BEGIN Recorded information
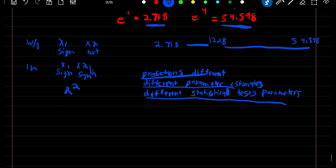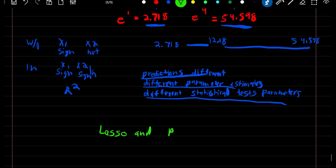That wraps up this section. Next section will be lasso and ridge, and that'll be the last thing we'll learn for chapter three.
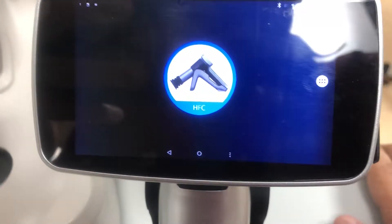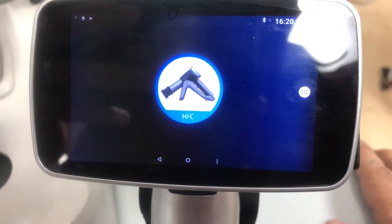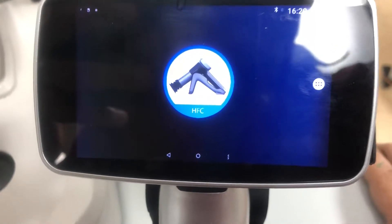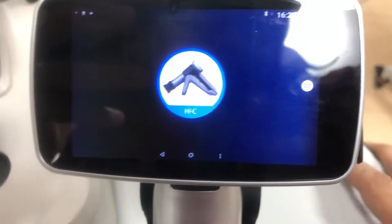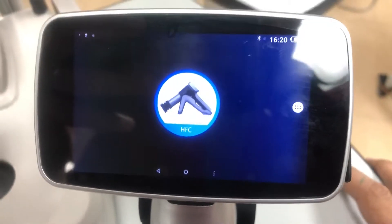This is going to be a quick guide of how to use the Luna Portable Fundus camera.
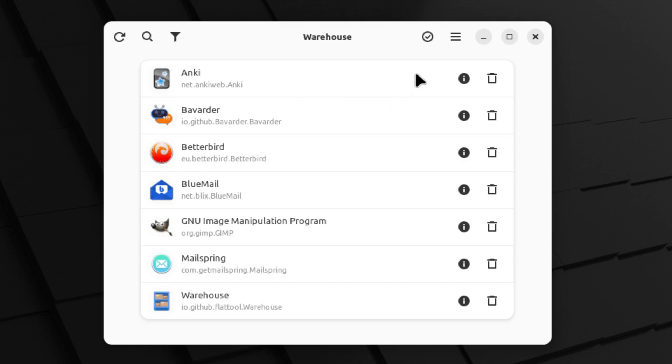So that is our brief look at the Warehouse application available on Flathub. Thank you for watching and we will see you all next time.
END Recorded information
Lines from the one containing "This is going" through the end of the listing, both included, are to be restated exactly, and pictures are to be left out.

This is going to be a quick guide of how to use the Luna Portable Fundus camera.
So that is our brief look at the Warehouse application available on Flathub. Thank you for watching and we will see you all next time.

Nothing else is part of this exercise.